進次郎氏への「失礼質問」が暴いた低迷日本の縮図 「弱点を補ってくれる仲間を作る」の重要性
どれだけ「貯蓄から投資へ」とお金が回っても、新たな挑戦をする人がいなければ、イノベーションは起こらない。 ■凸と凹の噛み合い この「失敗を許さない空気」は、個人の生き方や働き方にも深刻な影響を及ぼしている。ビジネスパーソンは、英語は話せないといけないし、エクセルやチャットGPTも使いこなせないといけない。プレゼンやコミュニケーション能力の向上が求められる。 しかし、小泉氏が語ったように、足りないところを補い合うことができれば、もっと気楽に仕事ができるだろう。

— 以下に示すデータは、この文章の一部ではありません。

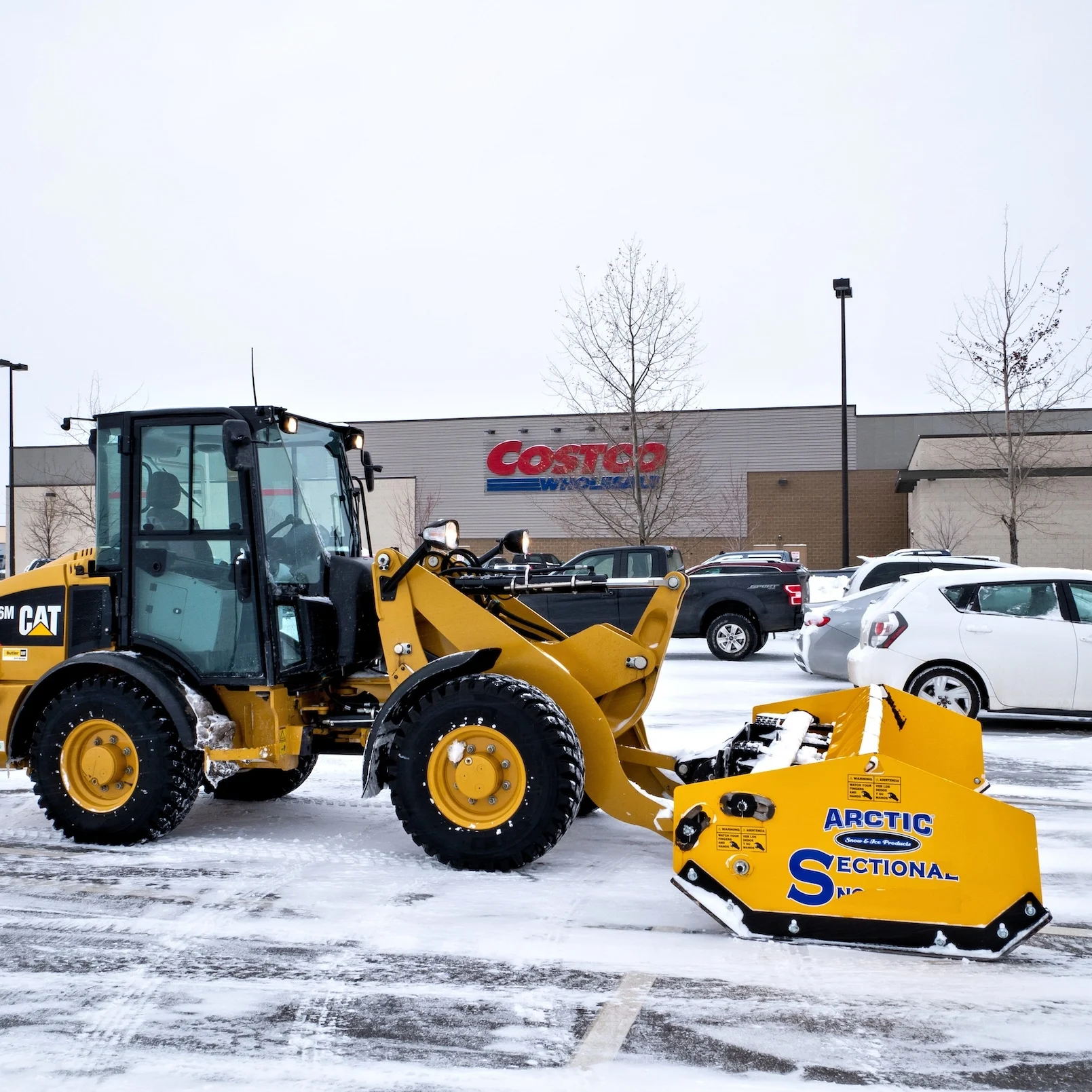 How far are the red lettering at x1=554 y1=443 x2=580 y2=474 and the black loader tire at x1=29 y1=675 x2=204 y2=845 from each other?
125ft

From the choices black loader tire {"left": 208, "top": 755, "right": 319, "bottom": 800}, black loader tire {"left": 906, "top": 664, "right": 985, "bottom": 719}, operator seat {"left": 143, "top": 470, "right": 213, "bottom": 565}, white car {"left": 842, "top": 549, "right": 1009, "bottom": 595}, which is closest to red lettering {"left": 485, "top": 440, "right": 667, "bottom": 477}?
white car {"left": 842, "top": 549, "right": 1009, "bottom": 595}

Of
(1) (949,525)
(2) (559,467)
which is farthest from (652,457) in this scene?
(1) (949,525)

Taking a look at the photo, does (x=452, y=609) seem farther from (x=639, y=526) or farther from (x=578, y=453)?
(x=578, y=453)

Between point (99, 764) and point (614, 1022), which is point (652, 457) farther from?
point (614, 1022)

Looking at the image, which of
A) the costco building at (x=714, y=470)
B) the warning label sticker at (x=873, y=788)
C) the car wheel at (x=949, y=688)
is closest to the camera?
the warning label sticker at (x=873, y=788)

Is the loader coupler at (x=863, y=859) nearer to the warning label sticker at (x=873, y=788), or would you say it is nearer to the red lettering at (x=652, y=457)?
the warning label sticker at (x=873, y=788)

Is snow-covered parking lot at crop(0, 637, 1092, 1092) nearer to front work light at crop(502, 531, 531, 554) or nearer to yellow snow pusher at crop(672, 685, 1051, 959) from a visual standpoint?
yellow snow pusher at crop(672, 685, 1051, 959)

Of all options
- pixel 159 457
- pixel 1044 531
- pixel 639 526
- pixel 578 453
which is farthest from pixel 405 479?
pixel 159 457

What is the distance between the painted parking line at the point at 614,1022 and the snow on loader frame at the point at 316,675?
3.78 feet

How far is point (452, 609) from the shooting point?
572cm

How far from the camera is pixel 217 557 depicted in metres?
5.86

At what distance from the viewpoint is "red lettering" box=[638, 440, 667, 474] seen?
35531 mm

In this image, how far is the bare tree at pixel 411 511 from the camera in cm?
4650

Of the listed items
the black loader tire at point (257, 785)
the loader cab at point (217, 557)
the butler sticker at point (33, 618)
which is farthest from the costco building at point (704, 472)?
the butler sticker at point (33, 618)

社会学者の宮台真司氏も「凸と凹の噛み合い」の重要性を説いている。 英語ができなくても英語ができる人を頼り、体力がなければ体力のある人を頼る。すべてを1人で完璧にこなそうとするのはコストが高すぎる。だからこそ、お互いの得意な部分を活かし合うことで、集団全体の生産性を高めるのが賢い生存戦略だ。感覚的な話ではなく、数理的に考えてあたりまえの話なのだ。 アップルを創業したスティーブ・ジョブズも、「人に助けを求めることが成功の基盤だ」と語っている。
最近、金融経済教育に力を入れる学校が増えている。私も高校などで講演する機会があるが、その際には「今日は、お金よりも仲間のほうが大事なことを証明します」と語りかけている。 これは道徳の話ではない。お金という道具の意味を理解すれば当たり前の話なのだ。 ■「お金という道具」の役割 お金が存在しなかった時代、人々は村の中で協力し合いながら生活していた。お金が発明されると、村の人に直接頼らずとも、支払いによって必要なものを手に入れられるようになった。
しかし、それはお金が物に変わるということではない。お金を支払うことで、まったく知らない人の協力を得られるようになったのだ。お金とは、協力し合う仲間を増やすためのシステムなのだ。 では、「仲間を増やすためには、お金を増やせばいいじゃないか」と思うかもしれないが、これはまったく反対だ。 「お金を増やしたい」という目標を掲げても、誰もあなたに協力しようなんて思わない。あなたがお金を増やすことは他の人にとってまったくどうでもいいことだからだ。